Estas palabras de Bernárdez sintetizan adecuadamente las
dos actitudes frente al Ejército Nacional: la del pasado
inmediato que lo veía como arma terrible y despreciable
de una dictadura, la entonces reciente que esperaba de él
la garantía de los derechos individuales. Esa es la transición
que registra su obra. No debe extrañar pues que aparezca
dedicada al hombre que hizo posible la transformación del
Ejército caudillesco en Ejército verdaderamente
nacional y que en ella resuene como una nota nueva todavía
la denuncia de los desmanes del Ejército; tampoco debe
extrañar que Manuel Bernárdez se convierta, casi
de inmediato, en redactor de El Ejército uruguayo (1888).
III
No es éste el único valor histórico
del libro. También quedan fijadas en sus páginas
las imágenes de un mundo gauchesco que estaba siendo transformado
no sólo por la acción del tiempo sino, muy particularmente,
por la acción de la literatura. Manuel Bernárdez
se acerca al mundo gauchesco con voluntad de pintarlo directamente
sin las acostumbradas simplificaciones o estilizaciones (mentira,
en fin) de los epígonos de la gran literatura gauchesca
o de apresurados viajeros. en una nota al capítulo I (Recuerdo
de ayer)explana el autor su intención documental.
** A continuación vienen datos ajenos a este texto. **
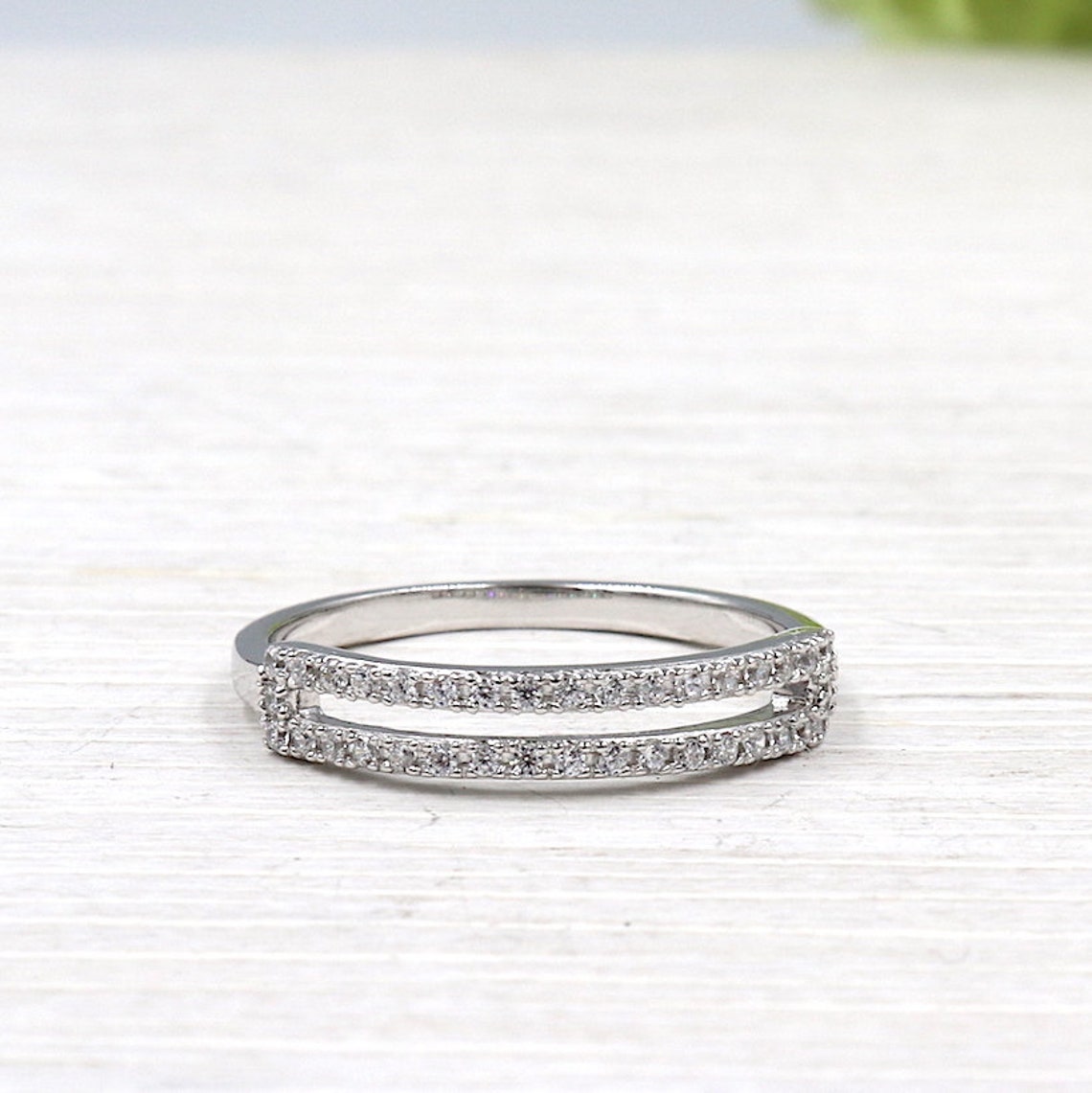 Bague double étrier argent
Dice
allí: "Para que no se me atribuya la prtensión
de constituirme en héroe de mi libro, diré que intercalo
este episodio como haré, si viene al caso, con algunas
escenas campestres, movido sólo por el deseo de pintar
con natural color, cosas y costumbres que conozco a fondo, y como
indirecta réplica a peregrinas descripciones que por ahí
andan con talante y reputación de verídicas. Me
carga un poco el aplomo de ciertos viajeros, que no pintan lo
que ven como lo ven sino como pretenden verlo, y acreditan por
cosa natural y propia de un país, lo que suele se un hecho
aislado, sobre juzgarlo todo con magna suficiencia, como si los
usos y costumbres de un pueblo o de una raza pudieran abarcarse
en una mirada. Los que dijeron verdad, con ella quedan a cubierto
de otras palabras. Hablo de ciertos "turistas" verdadera
calamidad para los pueblos que visitan persuadidos de la sagrada
misión de criticarlos en sus impresiones o cuadros de viaje,
y que ven siempre las cosas al revés, y a quienes, como
quien dice, los (...) se les antojan huéspedes.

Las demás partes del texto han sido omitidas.